ABOUT THIS EXERCISE: Reproduce the records below exactly, but only between the lines holding "I Support Women's Rights and Wrongs T-shirt" and "Türk Dünyasında Halı ve Düz Dokuma Yaygıları", inclusive.

DATA RECORDS:
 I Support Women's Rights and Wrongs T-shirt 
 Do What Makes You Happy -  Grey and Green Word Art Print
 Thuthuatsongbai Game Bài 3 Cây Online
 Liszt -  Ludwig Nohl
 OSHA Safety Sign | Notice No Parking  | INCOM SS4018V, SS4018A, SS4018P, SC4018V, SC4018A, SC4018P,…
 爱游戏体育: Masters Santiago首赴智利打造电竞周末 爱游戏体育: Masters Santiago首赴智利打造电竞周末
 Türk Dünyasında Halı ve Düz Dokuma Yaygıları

==

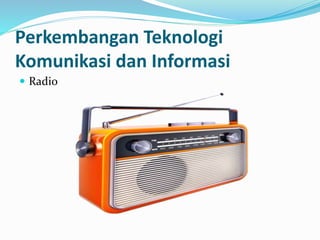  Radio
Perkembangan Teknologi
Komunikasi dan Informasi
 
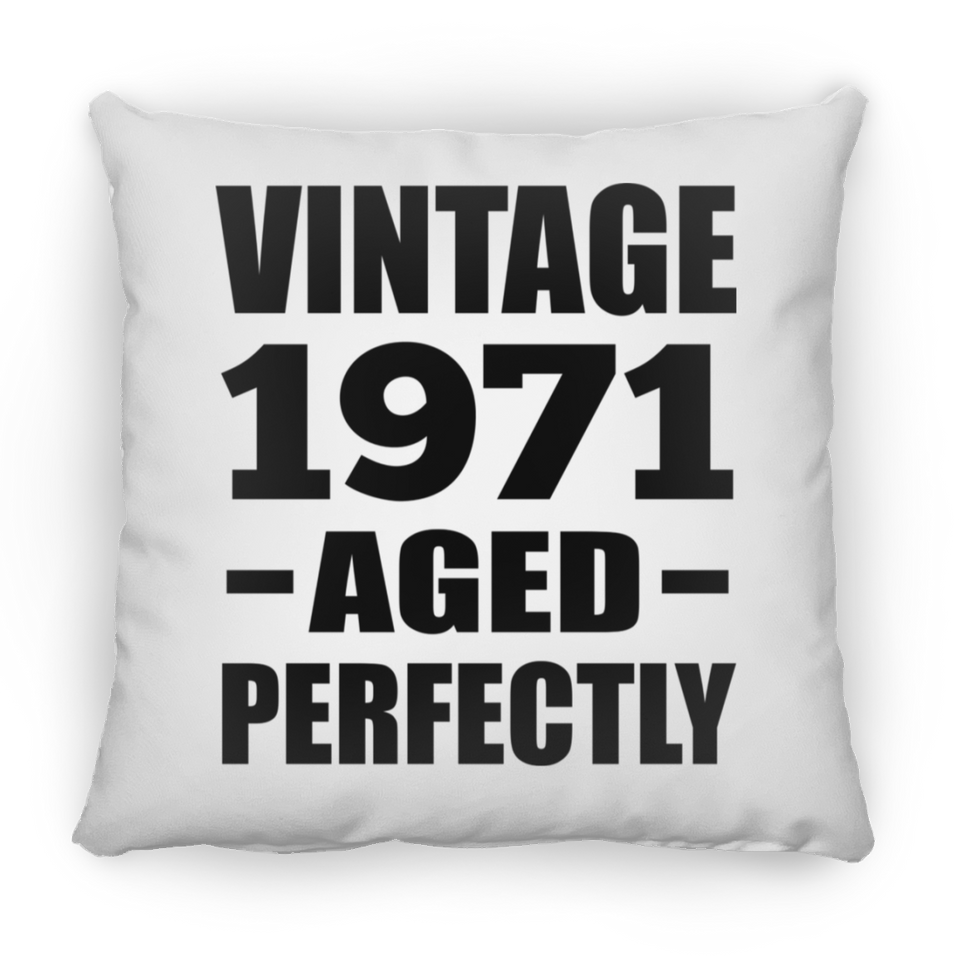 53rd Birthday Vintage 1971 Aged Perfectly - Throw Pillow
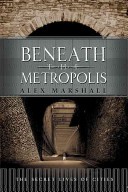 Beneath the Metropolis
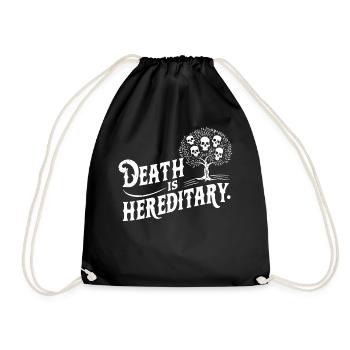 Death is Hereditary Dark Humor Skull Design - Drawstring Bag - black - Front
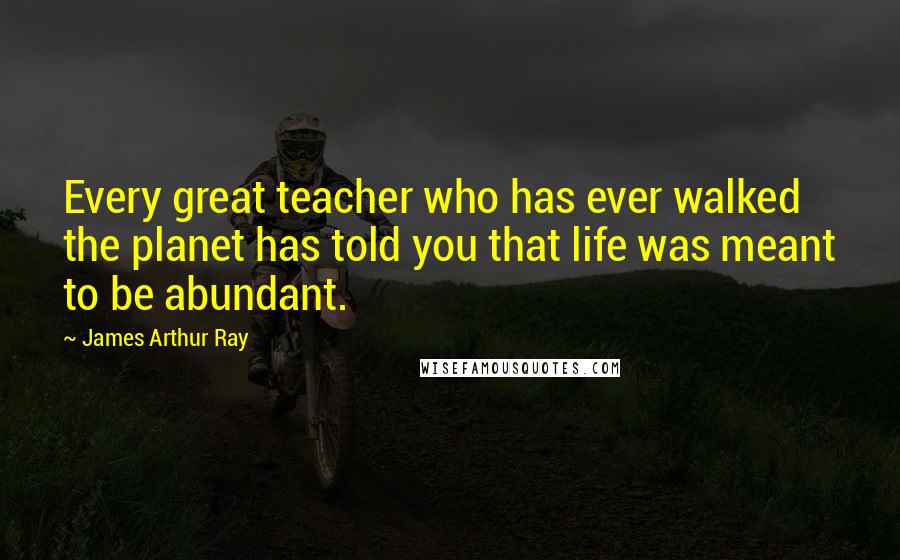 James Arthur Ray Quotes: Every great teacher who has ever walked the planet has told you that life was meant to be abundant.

OUTPUT FOR THIS TASK:
 I Support Women's Rights and Wrongs T-shirt 
 Do What Makes You Happy -  Grey and Green Word Art Print
 Thuthuatsongbai Game Bài 3 Cây Online
 Liszt -  Ludwig Nohl
 OSHA Safety Sign | Notice No Parking  | INCOM SS4018V, SS4018A, SS4018P, SC4018V, SC4018A, SC4018P,…
 爱游戏体育: Masters Santiago首赴智利打造电竞周末 爱游戏体育: Masters Santiago首赴智利打造电竞周末
 Türk Dünyasında Halı ve Düz Dokuma Yaygıları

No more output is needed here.